What is meant with non-unique 6D representations?

[PottedRosePetal]

The documentation for matrix_to_rotation_6d says "Note that 6D representation is not unique.". I went over the paper a little bit, but it seems to be a little bit over my head. What exactly is meant with that? I tried out the following code and couldnt find anything indicating non-uniqueness?

import torch
from pytorch3d.transforms import euler_angles_to_matrix
from pytorch3d.transforms import axis_angle_to_quaternion
from pytorch3d.transforms import matrix_to_quaternion
from pytorch3d.transforms import quaternion_to_axis_angle
from pytorch3d.transforms import matrix_to_euler_angles
from pytorch3d.transforms import matrix_to_rotation_6d
from pytorch3d.transforms import rotation_6d_to_matrix

num_disc_angles = 100

discrete_angles = torch.linspace(0, 2*torch.pi, num_disc_angles)
angle_grid = torch.meshgrid(discrete_angles, discrete_angles, discrete_angles, indexing='xy')
angle_tensor = torch.stack(angle_grid, dim=-1).reshape(-1, 3)
total_angles = angle_tensor.shape[0]
correct_quat = 0
correct_6d = 0
for angles in angle_tensor:
    quat = axis_angle_to_quaternion(angles)
    angles_quat = quaternion_to_axis_angle(quat)
    if not are_tensors_approx_equal(angles, angles_quat):
        print("Quaternions:",angles, angles_quat) 
    else:
        correct_quat += 1

    matrix = euler_angles_to_matrix(angles, "XYZ")
    rot_6d = matrix_to_rotation_6d(matrix)
    #model training using rot6d
    rot_mat_6d = rotation_6d_to_matrix(rot_6d)
    angles_6d = matrix_to_euler_angles(rot_mat_6d, "XYZ")

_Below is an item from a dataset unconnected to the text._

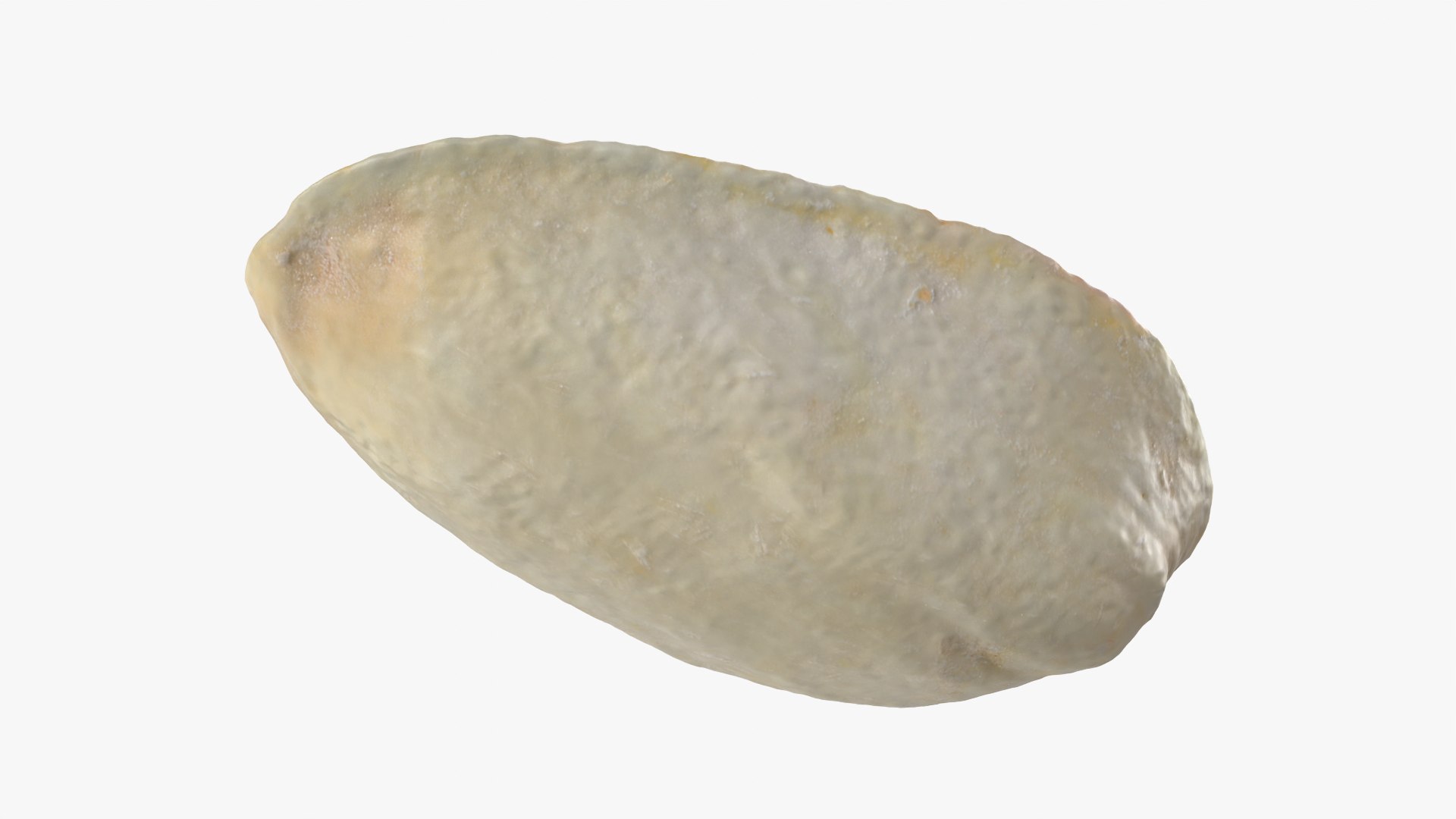Empty Pistachio Shell 02 model https://p.turbosquid.com/ts-thumb/5C/iaVXBD/wx/pistachioshell2_0003/png/1755085462/1920x1080/fit_q87/b3a484e257ad897e737d22f6a4f1eef8c64ba35d/pistachioshell2_0003.jpg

    if not are_tensors_approx_equal(angles, angles_quat):
        print("Quaternions:",angles, angles_quat) 
    else:
        correct_quat += 1
    if not are_tensors_approx_equal(matrix, rot_mat_6d):
        print("6D:",angles, torch.abs(angles_6d))
    else:
        correct_6d += 1
print()
print(correct_6d, correct_quat, total_angles)

for the quaternion part it seems like the cutoff is pi, then it behaves differently. I think I read something about that somewhere, but I think that would be nice to include in the docs if that is intended behaviour. For the last element in my output I get: Quaternions: tensor([6.2832, 6.2832, 6.2832]) tensor([-0.9720, -0.9720, -0.9720]) which seems insane to me tbh. But I dont really know quaternions so thats that. Its obvious that the angles are broken due to the gimbal lock, but that shouldnt apply for rotations besides a yaw of pi/2, at least it didnt for the 6D repr.

I was just wondering if I need to prepare for some bad surprises once I use the 6D representation to train my model.

[bottler]

The 6D representation involves using 3 numbers in intervals to represent a rotation. Rotation space is compact - there is no "edge" in any direction, but the 3 numbers have "edges" (which somehow "wrap") in all directions. It's not just extreme values of yaw? In all rotation directions there must be a discontinuity in representations. You need to work out yourself if this matters for your work, we can't help.